[PATCH v7 4/5] KVM: arm64: Allow cacheable stage 2 mapping using VMA flags

ankita@nvidia.com posted 5 patches 3 months, 3 weeks ago
There is a newer version of this series
[PATCH v7 4/5] KVM: arm64: Allow cacheable stage 2 mapping using VMA flags
Posted by ankita@nvidia.com 3 months, 3 weeks ago
From: Ankit Agrawal <ankita@nvidia.com>

Today KVM forces the memory to either NORMAL or DEVICE_nGnRE
based on pfn_is_map_memory (which tracks whether the device memory
is in the kernel map) and ignores the per-VMA flags that indicates the
memory attributes. The KVM code is thus restrictive and allows only for
the memory that is added to the kernel to be marked as cacheable.

The device memory such as on the Grace Hopper/Blackwell systems
is interchangeable with DDR memory and retains properties such as
cacheability, unaligned accesses, atomics and handling of executable
faults. This requires the device memory to be mapped as NORMAL in
stage-2.

Given that the GPU device memory is not added to the kernel (but is rather
VMA mapped through remap_pfn_range() in nvgrace-gpu module which sets
VM_PFNMAP), pfn_is_map_memory() is false and thus KVM prevents such memory
to be mapped Normal cacheable. The patch aims to solve this use case.

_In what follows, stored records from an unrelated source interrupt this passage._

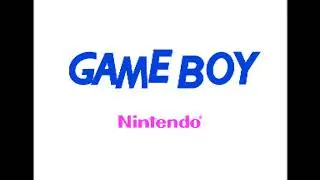 NINTENDO GAME BOY
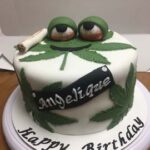Atlanta-Georgia-Savannah-Blood-Shoot-Eyes-Pot-Leaf-Adult-Designer-Cake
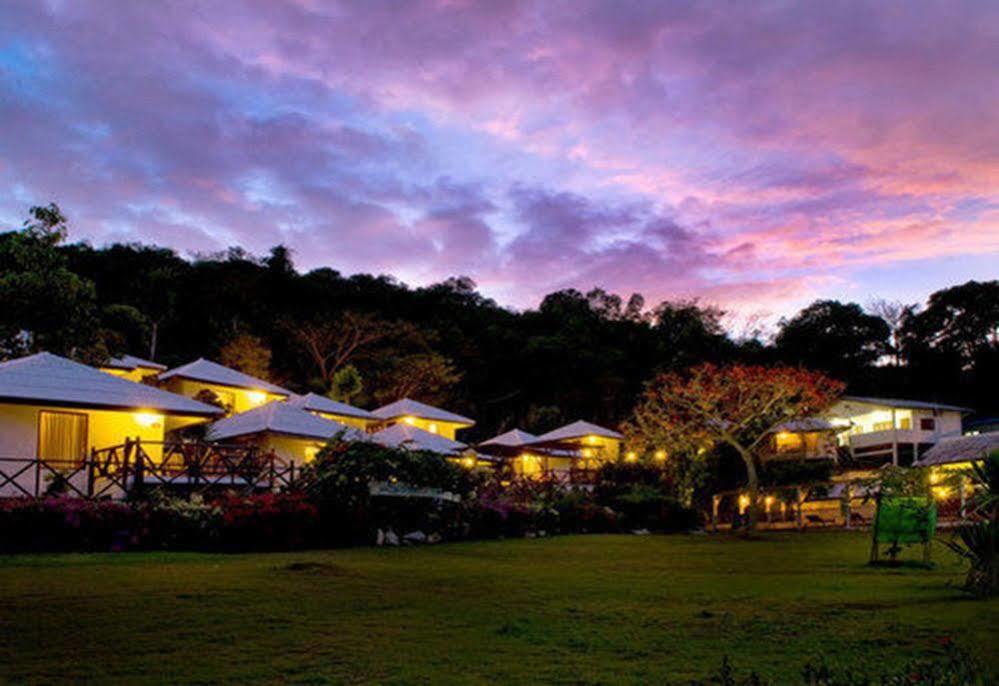 Resort Samed Cliff Koh Samet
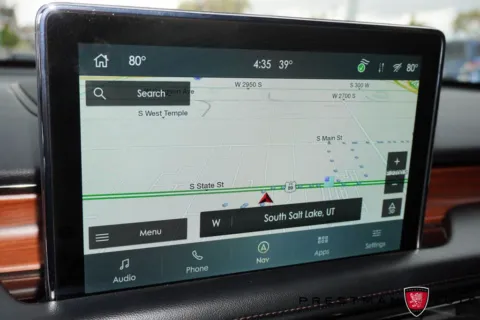 More photos of 2023 Lincoln Aviator Reserve at Prestman Auto, UT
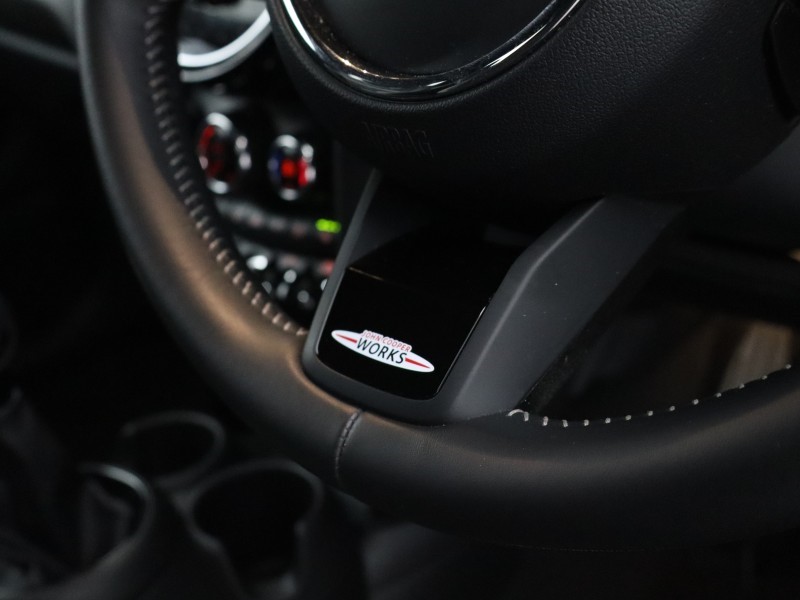 2021 (71) MINI HATCHBACK 2.0 Cooper S Sport 3dr 4931779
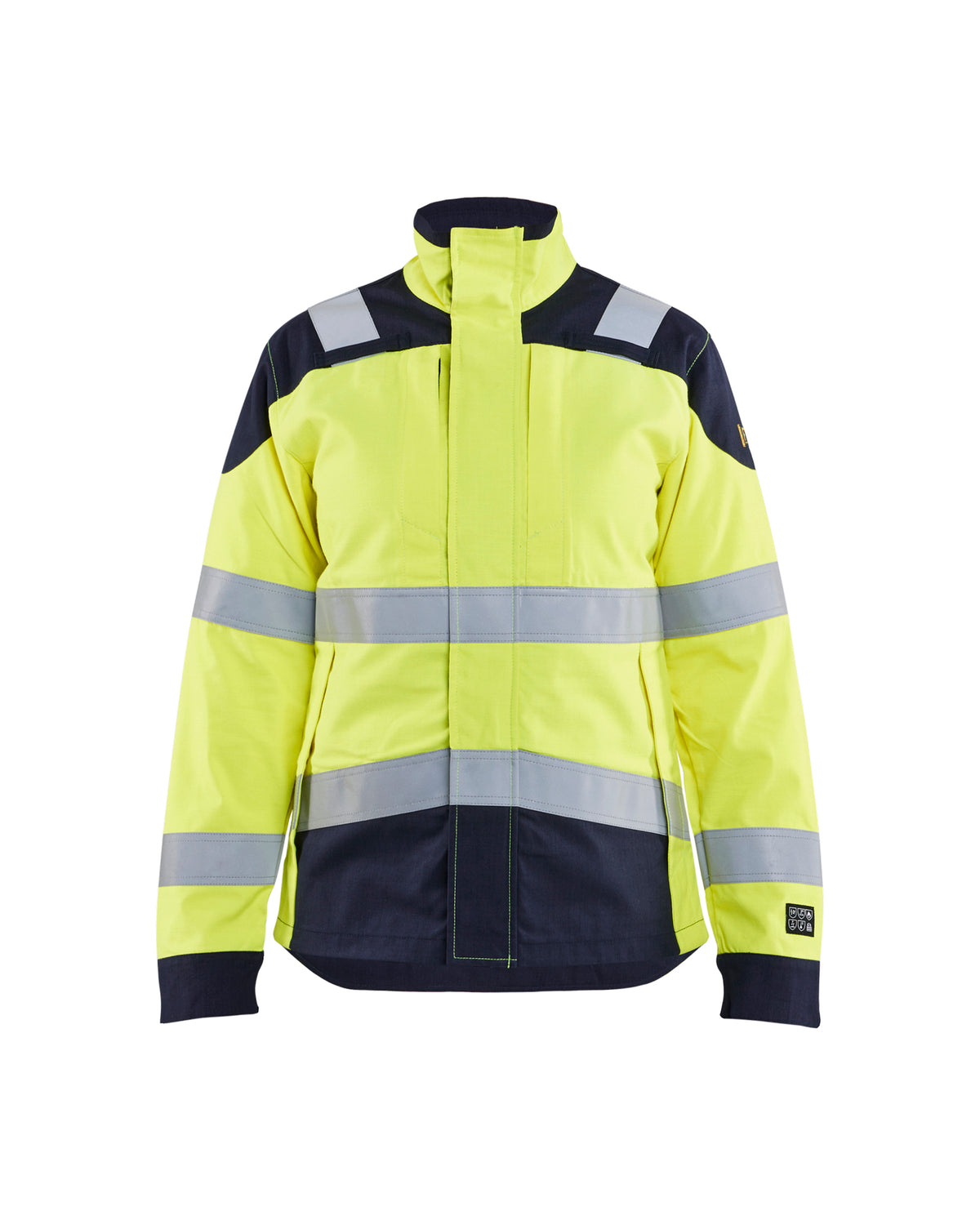 Jack Multinorm Dames 4969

Note when FWB is not enabled, the kernel expects to trivially do
cache management by flushing the memory by linearly converting a
kvm_pte to phys_addr to a KVA, see kvm_flush_dcache_to_poc(). The
cache management thus relies on memory being mapped. Moreover
ARM64_HAS_CACHE_DIC CPU cap allows KVM to avoid flushing the icache
and turns icache_inval_pou() into a NOP. These two capabilities
are thus a requirement of the cacheable PFNMAP feature. Make use of
kvm_arch_supports_cacheable_pfnmap() to check them.

A cachebility check is made by consulting the VMA pgprot value.
If the pgprot mapping type is cacheable, it is safe to be mapped S2
cacheable as the KVM S2 will have the same Normal memory type as the
VMA has in the S1 and KVM has no additional responsibility for safety.
Checking pgprot as NORMAL is thus a KVM sanity check.

Add check for COW VM_PFNMAP and refuse such mapping.

No additional checks for MTE are needed as kvm_arch_prepare_memory_region()
already tests it at an early stage during memslot creation. There would
not even be a fault if the memslot is not created.

CC: Oliver Upton <oliver.upton@linux.dev>
CC: Sean Christopherson <seanjc@google.com>
Suggested-by: Jason Gunthorpe <jgg@nvidia.com>
Suggested-by: Catalin Marinas <catalin.marinas@arm.com>
Suggested-by: David Hildenbrand <david@redhat.com>
Signed-off-by: Ankit Agrawal <ankita@nvidia.com>
---
 arch/arm64/kvm/mmu.c | 35 +++++++++++++++++++++++++++++------
 1 file changed, 29 insertions(+), 6 deletions(-)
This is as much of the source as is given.